|Yippee Arab Spring! Tunisia, another economic basket case for the IMF|
Tunisia's government, under pressure from protests over public spending cuts, said on Wednesday it had done enough to persuade the IMF to approve a $500 million loan tranche at meetings later this month. Strikes started in the southern and central towns of Kasserine, Thala and Gafsa on Tuesday and spilled over to the capital Tunis on Wednesday, after calls from transport and agricultural unions to protest over a vehicle tax hike. Riot police fired tear gas in some southern towns.Ho hum, another post-Arab Spring economic failure; what else is new? Alike Egypt's Muslim Brotherhood-linked Freedom and Justice Party [sic], Tunisia's Islamist Ennahda has won every post-Arab Spring election. However, many Western commentators have been puzzled by its apparent willingness to give up power when (unelected) secularists confronted it--unlike its Egyptian counterpart. Why give in so easily when you have an "electoral mandate" in white people-speak?
The answer, perhaps, is that in the interests of self-preservation as the Tunisian economic is going to the dogs [arf-arf], Ennahda is willing to relinquish power as the IMF inevitably asks for more painful reforms. So here's how things may be happening in this version of events: The Islamists call for early elections, and then implicitly ask their supporters to refrain from voting for them. So, the secularists win and implement IMF austerity measures, causing widespread discontent. Eventually, unpopular IMF conditionalities undermine the popularity of secularists and make Tunisian voters welcome Ennahda again in the absence any real alternatives:
Another key factor behind Ennahda's decision to hand power to a transitional technocrat government, the journalist argued, is the rise in social tensions linked to Tunisia's ongoing economic malaise, which the Islamists want to distance themselves from before the next elections. Protests and strikes have multiplied, with unemployed youths demanding work, particularly in the country's impoverished interior, amid the prospect of unpopular taxes to fill the state's empty coffers.

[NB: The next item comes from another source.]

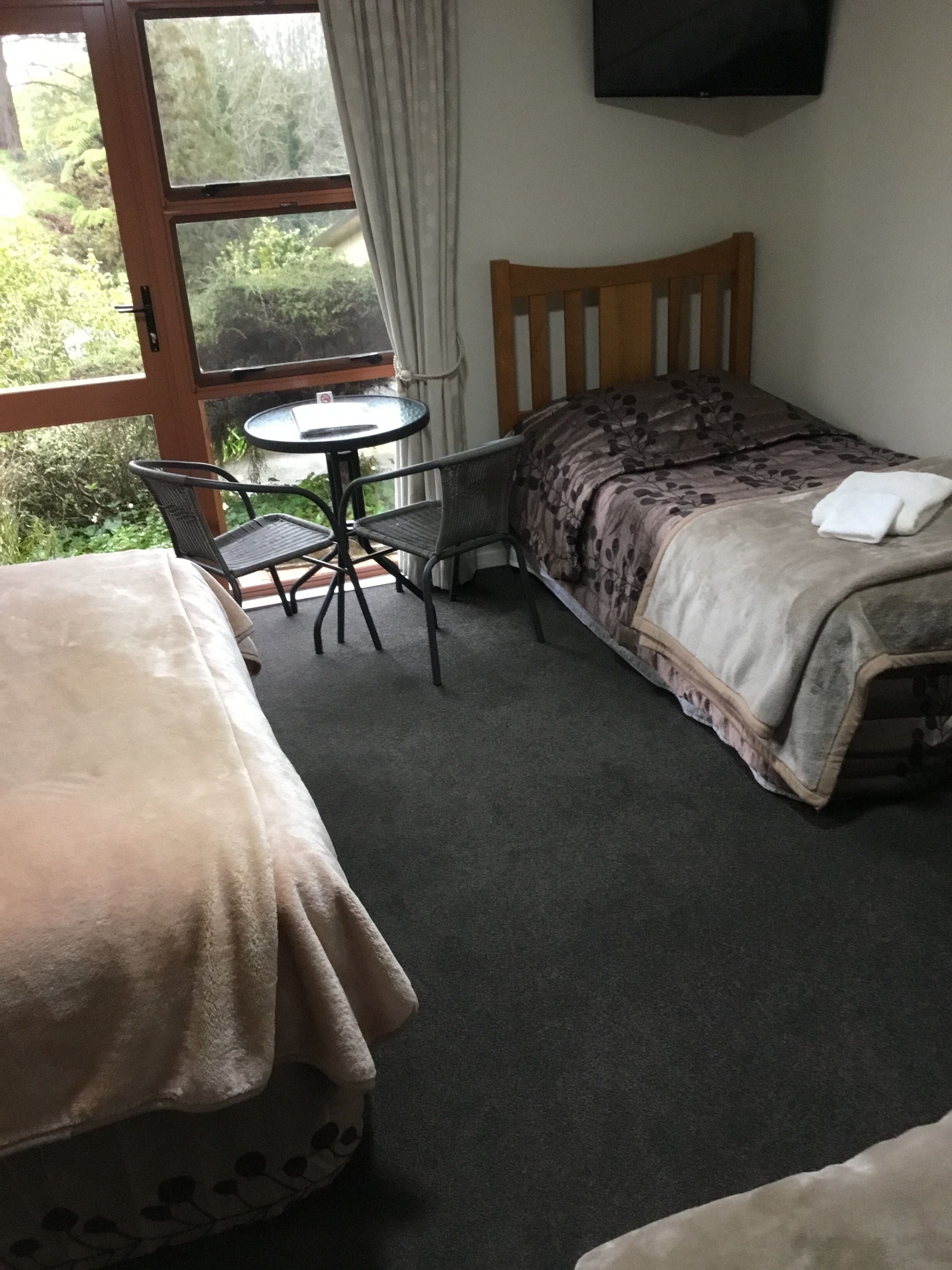 A room with two beds, a small round table, and a TV mounted on the wall.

"There are pitfalls everywhere. Ennahda's strategy of moderation also comes from a lack of alternatives. They know that the next government will have no magic wand, that they will still have the same problems, and they won't be able to say: 'You see, that wasn't our fault,'" Sellami said...
But government plans to meet IMF and the World Bank requirements are already threatening the fragile stability of the North African country. With the budget deficit expected to jump to 6.8 percent of gross domestic product for 2013, Tunisia's 2014 budget includes measure to raise one vehicle tax by 25 percent and to add another tax on big cars.
There are too many "what ifs" to say whether this ploy will work (or even if they will attempt it in the first place). That said--and their economic ham-fistedness aside--Ennahda is displaying more long-term political savvy than its more dogmatic Egyptian equivalent did. It may even start a trend of democratically elected governments giving up power voluntarily to ensure that the other guy takes the blame for the country going down the tubes absent any real chops in public economic management.
As it so happens, the latter description fits Ennahda to a T.